Les autorités algériennes veulent renforcer leur stratégie de lutte contre les stupéfiants à travers une meilleure connaissance du terrain. L’Office national de lutte contre la drogue et la toxicomanie (ONLCDT) a annoncé le lancement prochain d’études épidémiologiques destinées à analyser les habitudes de consommation, les profils des consommateurs ainsi que les régions les plus touchées par le phénomène.
L’annonce a été faite par le directeur général de l’Office, Tarek Kour, lors d’une journée scientifique organisée par le Haut conseil islamique en coordination avec l’ONLCDT autour du thème « Le danger des drogues et leur impact sur l’avenir de la nation ». À cette occasion, le responsable a présenté plusieurs mesures visant à renforcer la prévention, améliorer la prise en charge des toxicomanes et adapter les mécanismes de lutte face à l’évolution du phénomène.
Une consommation en mutation
Selon lui, les modes de consommation ont considérablement changé ces dernières années. Si la résine de cannabis demeure présente, les drogues dures et les substances psychotropes gagnent du terrain, notamment chez les jeunes. Une évolution jugée particulièrement préoccupante en raison de ses répercussions sanitaires, sociales et sécuritaires.
Une radiographie nationale de la consommation
Les études annoncées seront menées en coordination avec l’Institut national de santé publique. Elles devront permettre l’élaboration d’une véritable feuille de route nationale fondée sur des données précises concernant la consommation de drogue en Algérie. Le responsable a précisé qu’une enveloppe financière spécifique a été dégagée sur instruction du Premier ministre afin d’assurer la réalisation de ces travaux.

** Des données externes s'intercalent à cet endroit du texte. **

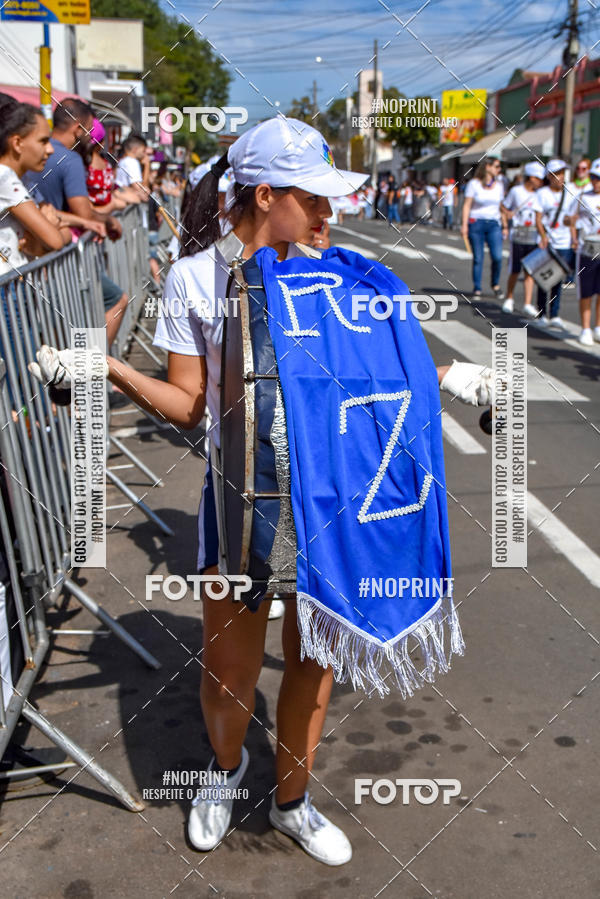 Compre as suas fotos do eventoDesfile C�vico Anivers�rio da cidade de Leme no Fotop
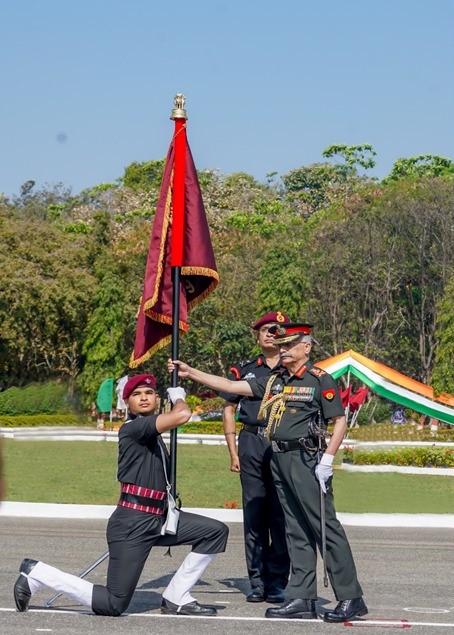 Army Chief Presents President’s Colours to 21 Para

Ces enquêtes auront pour mission d’identifier les zones les plus exposées à la consommation et au trafic de stupéfiants. Les résultats serviront ensuite à orienter les campagnes de sensibilisation, mais aussi à renforcer les dispositifs de prévention dans les régions considérées comme prioritaires. Les autorités envisagent également la création ou la réactivation de structures spécialisées dans le traitement des addictions et l’accompagnement des personnes dépendantes.
Le directeur général de l’ONLCDT a insisté sur l’importance de disposer d’indicateurs fiables pour comprendre les formes de consommation, les substances les plus utilisées ainsi que les maladies fréquemment observées chez les toxicomanes. L’objectif est également d’adapter les dispositifs de soins et de réhabilitation aux besoins réels du terrain.
Vers un renforcement des structures de soins
Dans ce cadre, plusieurs centres spécialisés dans la désintoxication et les soins intermédiaires devraient être relancés afin d’améliorer la prise en charge médicale et psychologique des personnes dépendantes. Les autorités veulent ainsi développer une approche globale mêlant prévention, accompagnement sanitaire et lutte contre les réseaux de trafic.
Face à l’ampleur du phénomène, les pouvoirs publics affichent une volonté de durcir davantage la riposte. Tarek Kour a rappelé que la stratégie nationale de lutte contre la drogue et la toxicomanie a été élaborée sur décision du président de la République, Abdelmadjid Tebboune. Adoptée lors d’une réunion du Conseil des ministres en avril 2025, cette stratégie est entrée en application en juin 2026.
Le responsable a souligné que la question de la drogue n’est désormais plus considérée uniquement comme un problème de santé publique. Les autorités la classent aujourd’hui parmi les enjeux liés à la sécurité nationale. Il a également estimé que les importantes saisies de cannabis, de drogues dures et de psychotropes traduisent l’existence de réseaux organisés ciblant particulièrement la jeunesse algérienne.